ECLI:NL:GHSHE:2025:3130
Gerechtshof 's-Hertogenbosch
- Hoger beroep
- Rechtspraak.nl
Niet-ontvankelijkheid van het hoger beroep in verband met schadeafwikkeling na ongeval attractie
In deze zaak heeft het gerechtshof 's-Hertogenbosch op 7 november 2025 uitspraak gedaan in hoger beroep tegen een vonnis van de rechtbank Oost-Brabant. De zaak betreft een ongeval met een attractie op de kermis in Wijchen, waarbij de verdachte, een rechtspersoon, was veroordeeld voor het veroorzaken van zwaar lichamelijk letsel en het overtreden van de Warenwet. De rechtbank had de verdachte een geldboete opgelegd van € 15.000, waarvan € 7.500 voorwaardelijk, en goederen verbeurd verklaard. De verdachte heeft hoger beroep ingesteld, maar heeft later aangegeven dat zij met de verzekeraars van de slachtoffers een schadeafwikkeling heeft bereikt.
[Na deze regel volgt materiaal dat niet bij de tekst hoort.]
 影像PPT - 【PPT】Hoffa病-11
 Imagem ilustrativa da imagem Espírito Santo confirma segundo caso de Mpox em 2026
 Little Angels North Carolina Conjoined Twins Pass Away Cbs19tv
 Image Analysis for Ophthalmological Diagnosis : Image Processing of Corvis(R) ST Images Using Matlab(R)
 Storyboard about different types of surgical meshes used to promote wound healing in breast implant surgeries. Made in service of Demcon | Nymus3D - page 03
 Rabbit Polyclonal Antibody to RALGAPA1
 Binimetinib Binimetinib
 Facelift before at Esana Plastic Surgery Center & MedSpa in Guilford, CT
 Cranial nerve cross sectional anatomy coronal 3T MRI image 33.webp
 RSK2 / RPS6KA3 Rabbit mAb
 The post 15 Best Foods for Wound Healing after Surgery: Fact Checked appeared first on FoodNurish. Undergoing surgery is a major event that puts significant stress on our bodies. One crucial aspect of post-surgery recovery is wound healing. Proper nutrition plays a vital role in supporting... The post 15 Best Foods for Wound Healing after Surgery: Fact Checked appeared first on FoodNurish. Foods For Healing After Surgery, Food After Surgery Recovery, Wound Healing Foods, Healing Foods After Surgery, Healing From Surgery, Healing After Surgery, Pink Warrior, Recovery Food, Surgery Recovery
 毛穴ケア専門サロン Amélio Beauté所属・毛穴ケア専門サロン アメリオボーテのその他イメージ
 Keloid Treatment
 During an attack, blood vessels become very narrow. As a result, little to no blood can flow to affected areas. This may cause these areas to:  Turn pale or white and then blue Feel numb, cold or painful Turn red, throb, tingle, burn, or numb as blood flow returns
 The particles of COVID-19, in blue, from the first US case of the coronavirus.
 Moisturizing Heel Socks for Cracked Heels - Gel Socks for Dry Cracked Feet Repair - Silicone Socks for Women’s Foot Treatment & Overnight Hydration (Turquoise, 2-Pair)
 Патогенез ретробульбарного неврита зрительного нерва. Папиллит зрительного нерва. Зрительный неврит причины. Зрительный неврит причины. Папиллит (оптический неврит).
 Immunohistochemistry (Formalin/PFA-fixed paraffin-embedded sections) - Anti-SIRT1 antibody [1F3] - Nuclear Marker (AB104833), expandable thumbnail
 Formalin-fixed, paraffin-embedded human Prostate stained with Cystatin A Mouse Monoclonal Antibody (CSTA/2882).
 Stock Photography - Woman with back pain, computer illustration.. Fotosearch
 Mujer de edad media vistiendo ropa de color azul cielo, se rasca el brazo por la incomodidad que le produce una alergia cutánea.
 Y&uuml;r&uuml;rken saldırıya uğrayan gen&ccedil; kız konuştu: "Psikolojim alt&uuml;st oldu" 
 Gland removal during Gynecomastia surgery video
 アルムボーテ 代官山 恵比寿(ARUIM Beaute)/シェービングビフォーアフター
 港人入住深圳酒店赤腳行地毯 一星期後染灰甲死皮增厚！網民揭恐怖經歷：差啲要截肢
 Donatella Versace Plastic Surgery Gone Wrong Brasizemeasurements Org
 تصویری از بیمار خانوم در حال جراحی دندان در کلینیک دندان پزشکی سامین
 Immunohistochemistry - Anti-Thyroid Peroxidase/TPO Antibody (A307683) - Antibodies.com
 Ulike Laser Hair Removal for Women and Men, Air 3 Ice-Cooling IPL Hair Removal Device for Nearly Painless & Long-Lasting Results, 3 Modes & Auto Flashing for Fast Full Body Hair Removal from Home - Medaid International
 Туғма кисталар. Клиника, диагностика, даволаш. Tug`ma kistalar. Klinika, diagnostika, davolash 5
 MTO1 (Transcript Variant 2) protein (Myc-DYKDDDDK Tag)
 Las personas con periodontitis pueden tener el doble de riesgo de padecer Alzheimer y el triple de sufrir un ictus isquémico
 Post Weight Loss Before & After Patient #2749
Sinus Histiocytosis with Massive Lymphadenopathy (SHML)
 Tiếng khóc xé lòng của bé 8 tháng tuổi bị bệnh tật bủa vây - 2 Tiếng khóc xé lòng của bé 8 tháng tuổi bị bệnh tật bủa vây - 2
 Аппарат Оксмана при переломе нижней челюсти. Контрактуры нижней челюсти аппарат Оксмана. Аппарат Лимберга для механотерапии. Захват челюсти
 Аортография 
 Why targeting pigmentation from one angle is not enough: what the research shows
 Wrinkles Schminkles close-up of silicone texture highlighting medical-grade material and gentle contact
Zowel de verdediging als het Openbaar Ministerie hebben verzocht om de verdachte niet-ontvankelijk te verklaren in het hoger beroep, omdat er geen belang meer is bij een inhoudelijke behandeling van de zaak. Het hof heeft vastgesteld dat er geen zwaarwegende belangen zijn die zich verzetten tegen de intrekking van het hoger beroep. Het hof heeft geoordeeld dat het hoger beroep niet meer kan worden ingetrokken, maar dat er geen inhoudelijke behandeling heeft plaatsgevonden. Gelet op de omstandigheden heeft het hof besloten de verdachte niet-ontvankelijk te verklaren in het hoger beroep, omdat er geen belang meer is bij de behandeling van de zaak.